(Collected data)
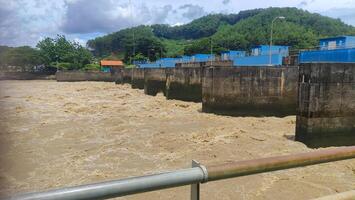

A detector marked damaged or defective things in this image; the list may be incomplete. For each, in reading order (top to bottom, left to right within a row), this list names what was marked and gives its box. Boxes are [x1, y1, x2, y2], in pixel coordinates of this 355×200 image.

rusty metal bar [206, 145, 355, 181]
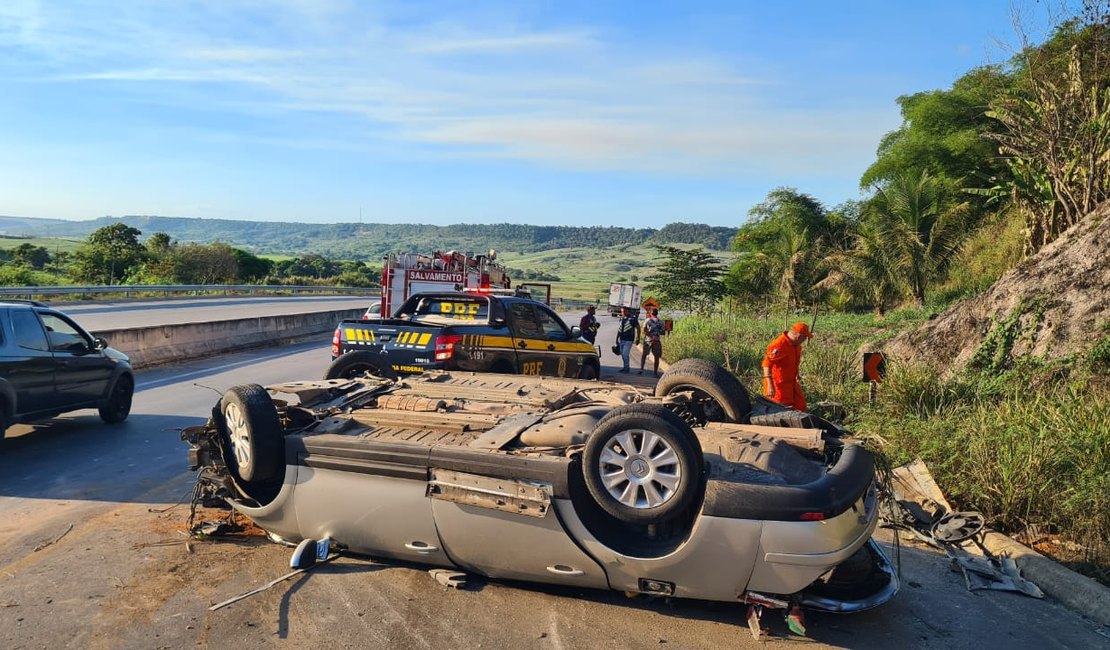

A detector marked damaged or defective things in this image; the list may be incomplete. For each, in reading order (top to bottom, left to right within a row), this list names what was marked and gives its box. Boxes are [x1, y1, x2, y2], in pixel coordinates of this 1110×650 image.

overturned car [179, 357, 892, 630]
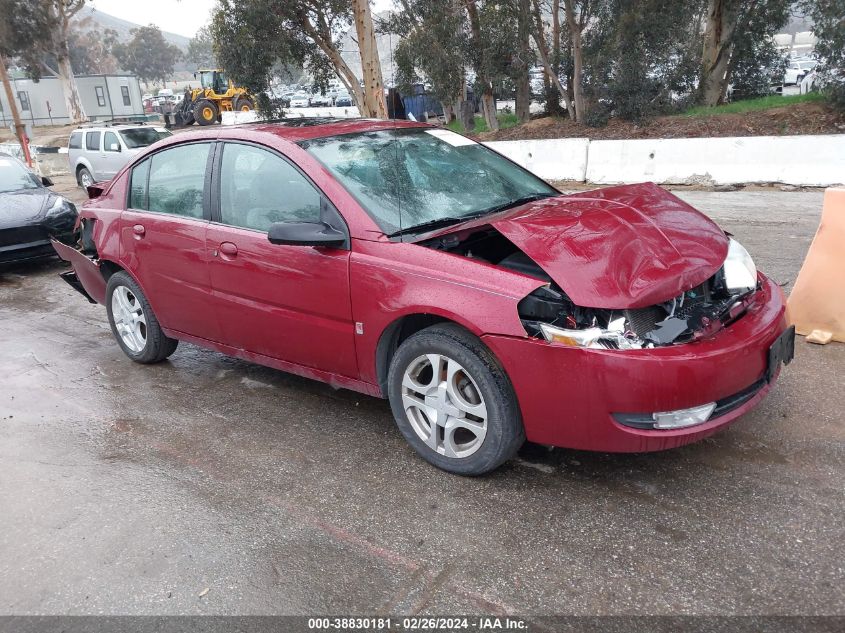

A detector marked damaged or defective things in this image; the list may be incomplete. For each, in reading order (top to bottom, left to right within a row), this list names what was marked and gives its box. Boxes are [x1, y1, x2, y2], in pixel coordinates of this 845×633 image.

crumpled hood [0, 188, 53, 230]
damaged rear bumper [50, 238, 106, 304]
damaged red car [52, 118, 792, 474]
crumpled hood [492, 180, 728, 308]
broken headlight [724, 239, 756, 294]
damaged rear bumper [484, 274, 788, 452]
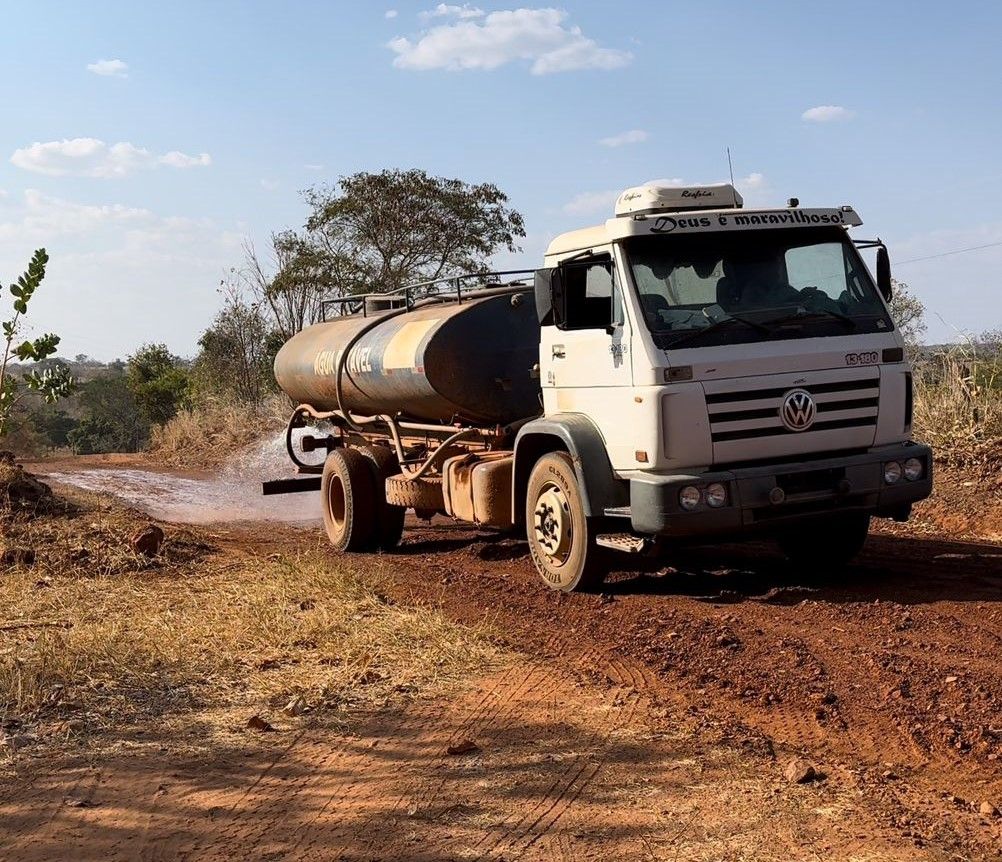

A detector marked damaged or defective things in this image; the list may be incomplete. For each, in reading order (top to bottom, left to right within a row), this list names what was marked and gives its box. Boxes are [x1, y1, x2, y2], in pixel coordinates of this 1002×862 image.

§ **Prompt**
Exactly the lines from the line with "this 1110×650 image." through the end of the data are to be reproduced, and no picture is to be included.

§ **Written solution**
A detector marked damaged or defective things in this image; the list may be incomplete. For each, in reading order (top to bottom, left to right within a row), this list names what was marked and gives its box. Boxes are [x1, y1, x2, y2], in pixel coordinates of this 1110×650 image.

overturned car [179, 357, 892, 630]

A detector marked damaged or defective things in this image; the list may be incomplete. For each, in reading order (top to bottom, left to right within a row), this list names what was marked and gives its box. Boxes are [x1, y1, x2, y2], in pixel coordinates of this 845×633 image.

crumpled hood [0, 188, 53, 230]
damaged rear bumper [50, 238, 106, 304]
damaged red car [52, 118, 792, 474]
crumpled hood [492, 180, 728, 308]
broken headlight [724, 239, 756, 294]
damaged rear bumper [484, 274, 788, 452]

A detector marked damaged or defective things in this image; the list may be incomplete. For each, in reading order (top to bottom, left to right within a row), this list names what was marked and gives its box. Boxes are [x1, y1, x2, y2], in pixel coordinates of this 1002×862 image.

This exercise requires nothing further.